Do total de grandes e médios partidos brasileiros que orbitam do centro à direita, apenas o PL de Flávio Bolsonaro e o PSD de Ronaldo Caiado lançaram candidatos, sendo que nenhum deles conseguiu atrair os demais para uma aliança formal.
Publicamente a explicação dada é que esses partidos preferem priorizar a eleição de deputados federais e senadores, sendo que uma coligação nacional poderia dificultar esse objetivo em estados menos propensos a votar no candidato nacional aliado.
Em linhas gerais, argumenta-se que uma aliança formal com Flávio seria prejudicial aos postulantes a uma vaga de deputado ou senador pelo Nordeste, já que essa é majoritariamente uma região mais simpática a Lula.
Para o petista, cujos aliados meses atrás flertaram com uma tentativa de aliança com MDB e PSD, a lógica se aplicaria, mas em relação ao Sul e Centro-Oeste, com inclinação mais bolsonarista.
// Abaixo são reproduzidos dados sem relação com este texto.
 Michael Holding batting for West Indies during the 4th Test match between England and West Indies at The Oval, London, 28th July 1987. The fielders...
Nos bastidores, o fracasso de Flávio Bolsonaro em atrair a aliança de partidos de centro-direita e direita representa também uma incerteza dessas legendas sobre as perspectivas da vitória do filho de Jair Bolsonaro em outubro.
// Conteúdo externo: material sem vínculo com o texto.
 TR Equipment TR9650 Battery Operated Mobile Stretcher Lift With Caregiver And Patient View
Como mostrou o SBT News, o isolamento de Flávio, que vai para a disputa com Lula amparado apenas no PL, representa uma marca inédita desde a redemocratização. Em nenhuma das nove disputas até agora um dos líderes nas pesquisas chegou à disputa sem qualquer tipo de aliança.
Lula, que vai tentar seu quarto mandato, terá o apoio de sete partidos de centro-esquerda e de esquerda –PT, PSB, PDT, PSOL, Rede, PV e PC do B.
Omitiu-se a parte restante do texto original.